Thursday, May 22, 2008

Except for the running naked through the forest, there's not a lot I miss.

I've mentioned some of my pet peeves before, and I realize that the reasons behind most of these are irrational and self-centered, but acknowledging that doesn't make them disappear.
So, with that disclaimer, another irrational rule for interaction with the drc:
#22: Don't doubt my street smarts.
For example, don't tell me I should walk with with a guy in what you see as a sketchy neighborhood.  Did I miss the day in school when we discussed the bullet-proof qualities of boys?  Sorry guys, you're still gonna bleed if you get shanked.
"There is safety in numbers."  Sure, kinda.  But a crowd attracts attention, and two people can be mugged just about as easily as one.
Whats the worst that could happen?  Cat calls (also known as getting "holla'd at"), strange looks, getting hit up for money, and, well...not much else. 
I've walked alone in the ghetto.  I've walked alone in the ghetto after dark.  I live alone(ish) in the ghetto(ish).  I've had a few interesting encounters at to the Crackerbox on Olive Street in PB (like when the one-eyed man offered me a lawnmower).  A guy tried to sell me drugs and used Mardi Gras beads outside the gas station on Broadway (which, by the way, closes way to early).  I could go on, but most of these stories are way funnier in person when I can do the voices.  Ask me about pampers and the collection agency vacuum sometime.
Telling me not to walk alone is like pushing me out of the car and driving away.  Ok, not the best analogy. . . The point is, I'm going to rebel just to prove you wrong.  I tend to do things just to prove I can, especially when it involves traveling rather long distances without a car (ice storm, post-prom, etc. . .). 
Not exactly the picture of meekness, eh?
If I'm honest, I don't really want to change.  I like taking certain risks (but only the ones that put my physical well-being in danger, if it affects me mentally/emotionally-I'm out). 

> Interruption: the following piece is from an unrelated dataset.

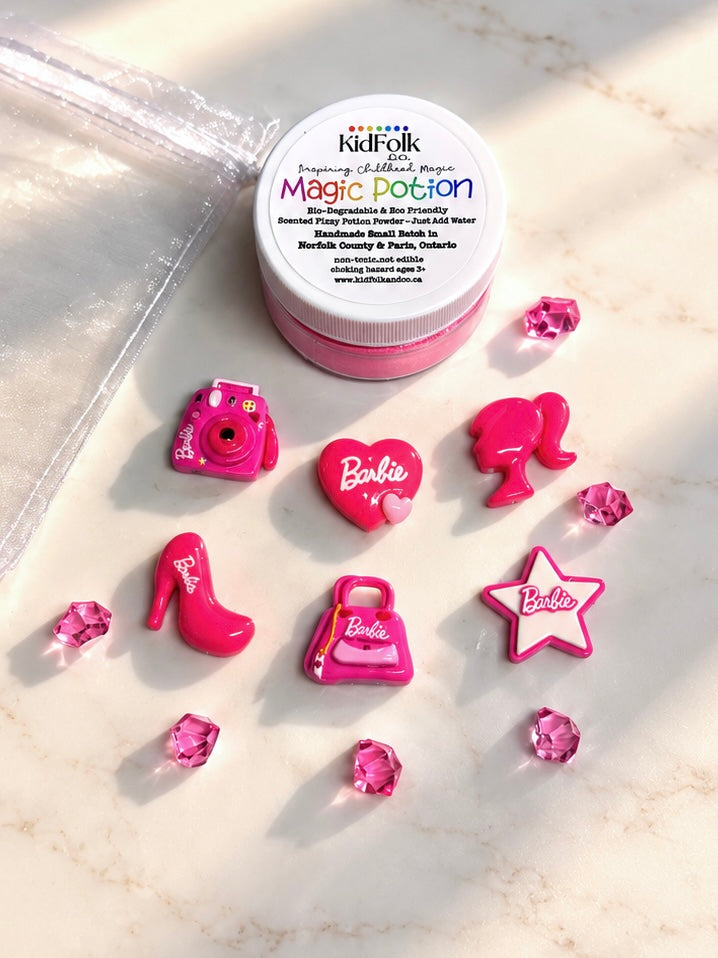 Magic Potion Mini Sensory Play Kits | Stocking Stuffers & Party Favours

Good gosh I hope I don't have a daughter like me.  I know people have only good intentions when they express concern for the safety of myself and other females, thats what makes this an irrational pet peeve.  I know I'm being ridiculous, but c'est moi.  Remember the tshirts/stickers/buttons that said "Please be patient, God isn't finished with me yet"? 
Yeah.
(at least its not Precious Moments)
Currently playing (over and over and over and...): Carry Me Through by Dave Barnes
This song is most definitely amazing.  Miss Ellie and I may be obsessed (but not as obsessed as she is with unnamed author:
Yeah, I love him.  In an 'I don't know him, but he makes me laugh so he can't be all that bad and he also has pictures on his website smoking cigarettes so he hates "The Man" (meaning, of course, the fundamentalist groups not THE THE MAN (aka Christ....I don't know why the KJV doesn't call him that name.))'  Yeah. I love him in that way.')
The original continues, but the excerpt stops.